And I, to my shame, loudly voiced my own hope that I would one day have a daughter too, until I realised that I was doing to my own children what I had experienced myself as a child, that stinging stab of anger whenever my parents were consoled about their disastrously female family.
We live in a world where we are closely examining the pressure little girls face at the pinkification of their childhoods and the media they are exposed to. But what about our sons? Buy a chemistry set for your daughter and you’re a right-on gender equality advocate. If your toddler son, however, wants to play with your makeup set, you’re suddenly a weirdo encouraging weak behaviour and confusing your son about his place in life.

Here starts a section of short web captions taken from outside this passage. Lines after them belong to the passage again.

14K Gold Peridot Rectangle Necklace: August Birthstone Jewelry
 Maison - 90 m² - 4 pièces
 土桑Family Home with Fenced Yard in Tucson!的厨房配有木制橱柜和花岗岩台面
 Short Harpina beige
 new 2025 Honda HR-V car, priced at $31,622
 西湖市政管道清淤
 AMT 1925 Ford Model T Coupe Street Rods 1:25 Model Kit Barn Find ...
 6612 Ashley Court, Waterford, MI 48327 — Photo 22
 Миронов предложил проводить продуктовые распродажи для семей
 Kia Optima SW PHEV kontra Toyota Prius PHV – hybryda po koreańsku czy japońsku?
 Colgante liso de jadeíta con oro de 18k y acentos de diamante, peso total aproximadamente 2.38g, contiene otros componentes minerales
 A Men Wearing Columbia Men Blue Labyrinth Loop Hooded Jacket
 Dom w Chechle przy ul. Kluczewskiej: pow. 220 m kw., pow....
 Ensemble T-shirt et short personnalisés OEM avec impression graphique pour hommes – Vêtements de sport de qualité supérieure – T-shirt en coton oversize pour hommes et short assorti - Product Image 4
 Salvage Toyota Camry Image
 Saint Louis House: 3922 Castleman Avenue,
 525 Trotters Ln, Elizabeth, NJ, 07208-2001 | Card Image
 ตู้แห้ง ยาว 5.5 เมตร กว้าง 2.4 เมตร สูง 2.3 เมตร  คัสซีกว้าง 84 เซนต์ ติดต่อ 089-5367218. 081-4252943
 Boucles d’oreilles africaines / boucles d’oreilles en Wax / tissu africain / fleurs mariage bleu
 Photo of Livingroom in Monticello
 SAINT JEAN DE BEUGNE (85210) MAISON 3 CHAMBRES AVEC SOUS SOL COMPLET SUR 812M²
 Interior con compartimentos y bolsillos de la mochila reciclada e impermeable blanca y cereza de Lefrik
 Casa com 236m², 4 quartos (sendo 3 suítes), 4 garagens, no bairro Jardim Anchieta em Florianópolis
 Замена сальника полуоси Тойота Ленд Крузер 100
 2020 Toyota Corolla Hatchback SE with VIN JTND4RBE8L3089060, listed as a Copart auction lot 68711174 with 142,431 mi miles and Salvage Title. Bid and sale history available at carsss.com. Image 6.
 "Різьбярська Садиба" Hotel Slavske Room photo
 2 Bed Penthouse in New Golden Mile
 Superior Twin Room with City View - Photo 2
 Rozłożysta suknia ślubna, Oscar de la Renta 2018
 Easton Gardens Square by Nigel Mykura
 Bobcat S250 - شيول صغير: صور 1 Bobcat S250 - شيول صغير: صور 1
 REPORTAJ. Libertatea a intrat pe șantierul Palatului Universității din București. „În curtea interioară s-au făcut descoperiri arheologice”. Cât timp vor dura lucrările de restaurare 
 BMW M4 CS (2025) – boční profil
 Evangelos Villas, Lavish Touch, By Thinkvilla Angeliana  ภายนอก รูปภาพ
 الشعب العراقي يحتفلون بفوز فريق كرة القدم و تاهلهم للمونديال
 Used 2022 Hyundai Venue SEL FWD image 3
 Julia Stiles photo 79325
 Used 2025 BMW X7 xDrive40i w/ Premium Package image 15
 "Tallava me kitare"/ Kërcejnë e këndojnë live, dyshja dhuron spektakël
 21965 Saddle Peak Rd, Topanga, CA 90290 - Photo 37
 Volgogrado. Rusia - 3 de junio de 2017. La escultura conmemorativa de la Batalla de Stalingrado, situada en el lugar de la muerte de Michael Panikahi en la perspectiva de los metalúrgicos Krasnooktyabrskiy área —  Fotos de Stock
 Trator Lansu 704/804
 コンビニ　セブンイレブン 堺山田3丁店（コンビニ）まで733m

We tell our boys not to cry, not to show weakness, that no, they can’t play with that Barbie or the baby doll. Our world swings between giving male children an over-inflated opinion of themselves (the East) to making them feel like they can do no right (the West). This creates the kind of power-tripping, emotionally dysfunctional men that cause wars and banking crises and we sit around wondering how it all happened.
I used to think how easy it must be for men, they didn’t face any of the problems that women did. But becoming a mother to boys has made me look at things from a different perspective. I’m no fool. At home I may encourage their free expression but I know that outside their own front door they will face a battle.
Small children do not understand the concept of gender. Can’t we just let them be children?